Even for the most talented entrepreneurs, defining a vision statement can be a tough task. For starters, there’s a lot of pressure associated with it. A vision statement must do more than define your company – it should provide a glimpse of its future.


A great vision statement will stay with you. Consider Apple’s version: “To make the best products on Earth, and to leave the world better than we found it.” It’s a statement that harnesses all of Apple’s potential into a single effective sentence and provides a roadmap to where they want to go in the future.


Not sure how to go about creating your own vision statement? Here are four effective tips that will help you in your task.


  1. Write the First Draft


Like with many other things, the hardest part of creating a vision statement is getting started. Here are some details that you should consider before putting pen to paper:


  • Size and organizational structure of your company
  • The kind of people your company needs, including their skill sets and qualifications
  • Attitude of the company’s employees toward their jobs and working environment
  • Public perception of your company


  1. Set Clear Goals


Your future goals are the most important part of your company’s vision. Setting appropriate goals includes not only where you want to end up but the steps it will take to get there.


Do your best to set goals that use specific, measurable standards. For example, one of your goals may be to reduce the turnover in your company by 20 percent. Write down the metrics you’ll use to measure your success in achieving these goals. Be as detailed as possible, and make sure to not bite off more than you can chew.


  1. Establish a Timeframe


Your vision should look into the future, but not too far. Have a specific timeline for each milestone you want to meet, including some of the hazier parts of your vision.


This is where the ideas of setting goals and defining your company vision intersect.
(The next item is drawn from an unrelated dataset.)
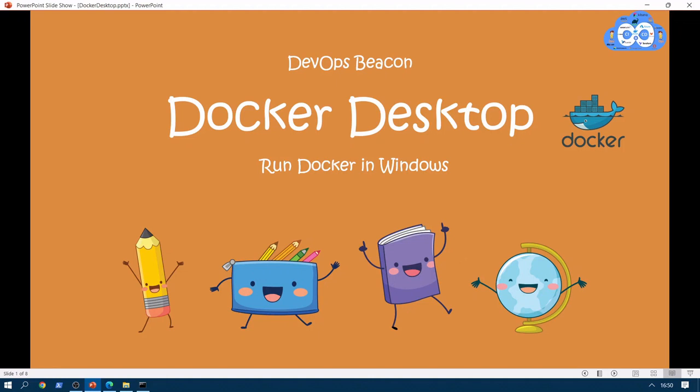If deploying software is hard, time-consuming, and requires resources from another team, then developers will often build everything into the existing application in order to avoid suffering a new deployment penalty. This is a popular quote from the author of Docker Append Running, Carl Mathis. Today we are going to discuss about Docker Desktop, that is about running Docker in Windows.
They both contain several smaller goals and milestones, which means that both need a timeline. As you keep achieving your goals, they’ll become the infrastructure of your vision. Again, the more specific your timeline is, the easier it will be to stick to it.


  1. Get Feedback


Once you’ve defined your goals and created the first draft of your vision statement, it’s time to get feedback on it.


The best people to get feedback from are the members of your company. After all, they’re the ones who’ll be implementing your vision and turning it into reality. This includes everyone from the top management to the newest employees. If you end up doing rewrites, make sure to ask for feedback on those as well.